Cuando ves una buena película puedes reír, llorar, pensar, amar, odiar, soñar,cantar e incluso bailar. Pero sobre todo imaginar. Imaginar que eres un famélico buscador de oro en Alaska que tiene que comerse una bota, cordones incluidos, para no morir de hambre. Que te cuelas en el abarrotado camarote de un trasatlántico mientras escuchas los comentarios mordaces de un tipo con las cejas y el bigote pintados y con un enorme puro en la mano. Que vives el inicio de una hermosa amistad con un gendarme francés mientras el amor de tu vida se marcha con otro hombre en un avión cuyo destino te es indiferente. Que ves, a través del marco de una puerta, como Ethan Edwards camina hacia el desierto huyendo de su pasado y consciente de la soledad que le depara su futuro. Que cuando le confiesas al tipo que conduce la lancha en la que huyes de una banda de mafiosos que en realidad eres un hombre te contesta que no
importa, nadie es perfecto. Que proteges de la verdad a Boo Radley porque permitir que lo encierren sería como matar un ruiseñor. Que le haces a un político corrupto una oferta que no podrá rechazar. Que le perdonas la vida a un cazador de androides mientras le cuentas, con tu último aliento, que todas las maravillas que has visto en una existencia con fecha de caducidad se perderán como lágrimas en la lluvia. Que ayudas a morir, porque la amas, a una joven boxeadora a la que entrenaste para que pudiera hacer realidad su sueño mientras ella te hacía recuperar la esperanza en los seres humanos. Y tantas otras historias más que nos trasportan a unas vidas que soñamos con vivir porque las que nos han tocado nos parecen aburridas, monótonas y vacías.

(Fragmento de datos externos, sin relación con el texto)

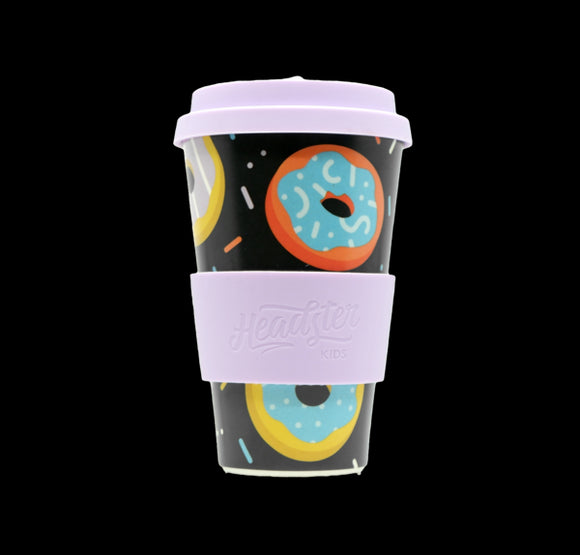 Bamboo Reusable Cup - Donuts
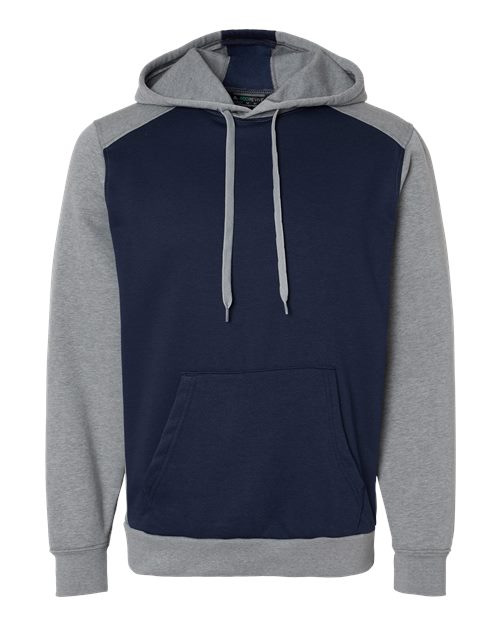 Unisex Eco Revive™ Three-Season Triblend Fleece Hooded Sweatshirt - Navy/ Grey Heather
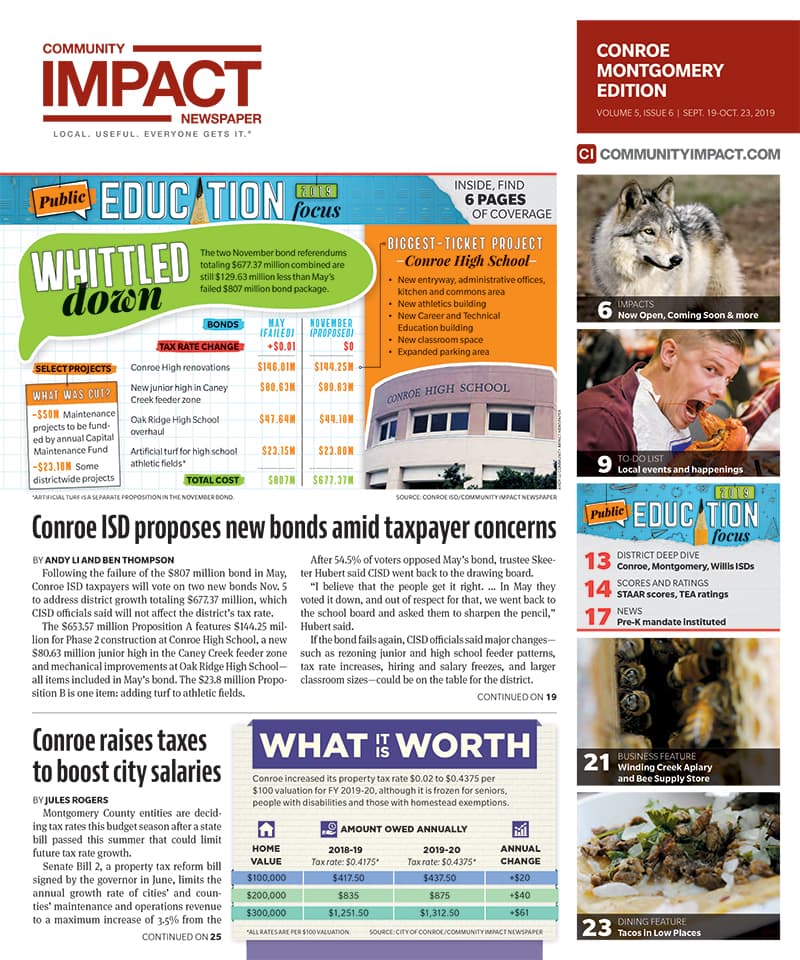 Conroe - Montgomery cover — September 2019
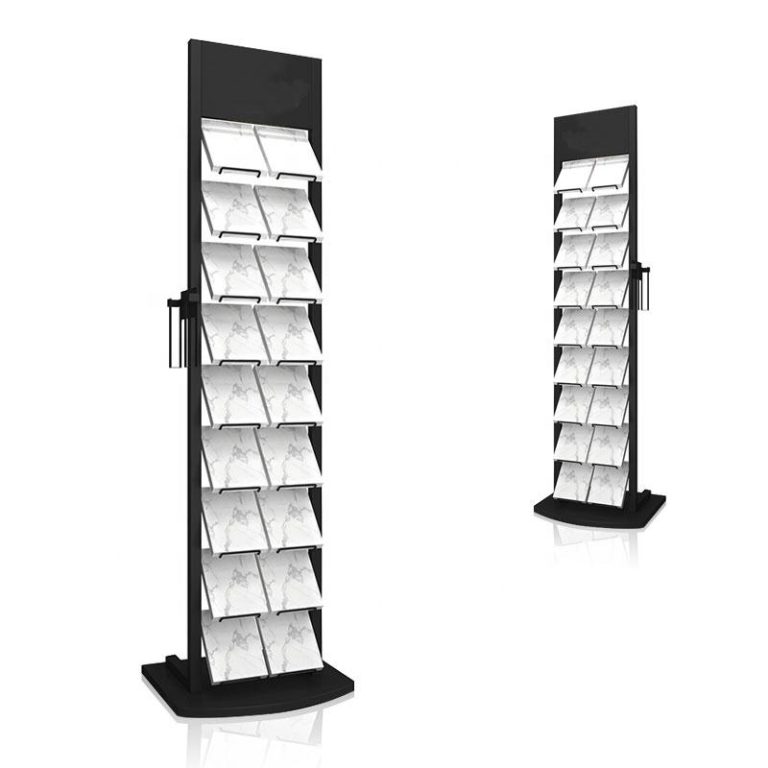 The Benefits That Make Stone Sample Standing Display Rack Stand Out-LD006-4  LD006-4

Llevar a prácticamente 2 clases enteras de niños de entre seis y diez años al Teatro Salón Cervantes a ver durante más de una hora cine de animación sin ser de Disney y sin poder apaciguarlos con palomitas y refrescos es cuanto menos una temeridad. Pero lo hacíamos, y cada año una buena parte de la chiquillería del colegio Cervantes, y muchos de sus padres, disfrutaban de la sección de cortos infantiles por si no recuerdo mal poco más de 1 €. Un precio ridículo a cambio de la magia que 24 fotogramas por segundo nos regalaban cuando los focos de la sala se apagaban y el proyector llenaba la pantalla con la luz con la que se fabrican los sueños.
“Es imposible hacer una buena película sin una cámara
Orson Wells
que sea como un ojo en el corazón de un poeta.”